Apesar de ser uma sem vergonha declarada, porém, tenho observado por aí um movimento que me faz querer abrir um buraco no chão e enfiar a cabeça feito uma ema. Podem me chamar de insensível, de chata, de mal amada, de recalcada. Talvez eu realmente seja tudo isso – e mais um pouco. Mas não acho nada admirável essa história de pedidos públicos de casamento ou namoro. Em tempos de redes sociais, em que a conquista só vale se for fotografada – afinal, de que adianta eu conquistar se ninguém tiver a oportunidade de sentir inveja de mim? –, a intimidade parece ter ficado em segundo plano. Um fondue regado a vinho numa noite fria não tem graça se as bocas lambuzadas de queijo não virarem uma foto de Instagram, uma cervejinha num bar não é tão divertida se não se puder fazer check-in no Foursquare, um passeio ao ar livre num dia de sol não tem tanto valor se não rolar pelo menos um post no Facebook esfregando para toda uma timeline a sua felicidade.

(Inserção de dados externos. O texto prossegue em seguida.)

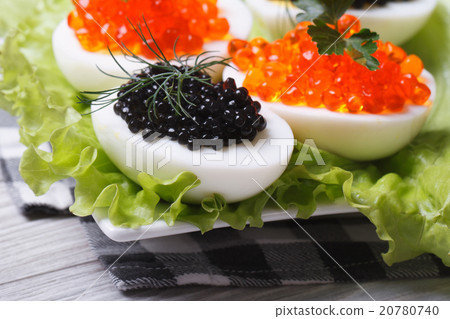 Chicken eggs with red and black fish caviar 20780740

E o amor, infelizmente, tem tomado o mesmo rumo. Se pra você um pedido público de casamento é prova de amor, me desculpe: pra mim não passa de coerção e de necessidade de autoafirmação – com o perdão da generalização imprudente. Coerção porque se imagina que a outra pessoa não será capaz de negar – afinal, há uma plateia sedenta por um final feliz e que pode servir como testemunha da insensibilidade daquele que recusou, caso o final não seja assim tão feliz. E necessidade de autoafirmação porque toda megalomania é uma fantasia de poder – ouvir um “sim” em público prova ao mundo (e até a quem não está minimamente interessado nisso) que eu, o namorado perfeito das comédias românticas, provavelmente terei uma vida perfeita e filhos perfeitos com cabelos perfeitos para pentear antes de ir à escola que vai lhes garantir uma educação perfeita.

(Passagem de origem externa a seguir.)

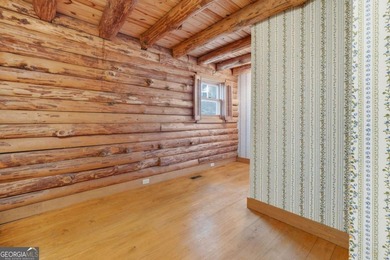 This Authentic Log Cabin Kept in It's Original Condition on The Highlands Course at Lake Arrowhead in Georgia - for sale on GolfHomes.com, golf home, golf lot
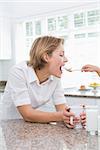 Mother and daughter having breakfast at home in kitchen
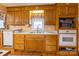 Traditional kitchen with wooden cabinets, laminate countertops, and stainless steel microwave and oven at 2455 Wellridge Rd, Chester, SC 29706
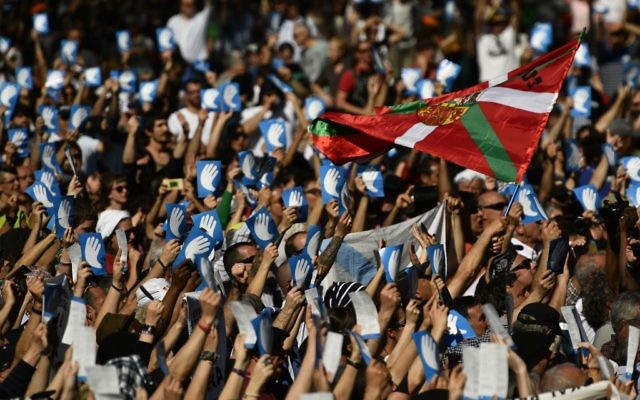 Pro independence Basque followers hold up the symbol of the day called ''Artisans of the Peace'' close to a Basque flag during a meeting after the announcement that ETA handed over its arms in Bayonne, southwestern France, Saturday, April 8, 2017.(AP Photo/Alvaro Barrientos)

E assim, roteirizando os relacionamentos interpessoais e ditando regras sobre o que é o namoro ideal, o casamento ideal, a gravidez ideal, os filhos ideais e a velhice ideal, a gente segue exibindo a nossa felicidade antes mesmo de curti-la. Fazendo dela um grande evento, e não uma bela casualidade. Isso é o que a sociedade do espetáculo tem feito com a gente. Somos todos atores de um filme que ainda não se sabe como vai terminar. Vocês, que acreditam na ~magia~ dos pedidos públicos, e eu, que os condeno. Já ouvi namorados se queixarem de que suas namoradas, por mais carinhosas que fossem, não postavam fotos do casal nas redes sociais. E já vi namorada postar foto de namorado novo apenas para mostrar ao ex que ela havia encontrado ~um partido melhor~. Não que eu ache que amor foi feito pra ficar guardado a sete chaves. Nada disso. Amor é pra ser gritado aos sete ventos, é pra contagiar o mundo de sorrisos, é pra inspirar mais amores, é pra virar best-seller. Amor é um crime a ser cometido. Mas desde que o alvo principal de toda e qualquer demonstração de carinho seja a pessoa amada, e não a necessidade particular de esfregar na cara dos outros a sua felicidade.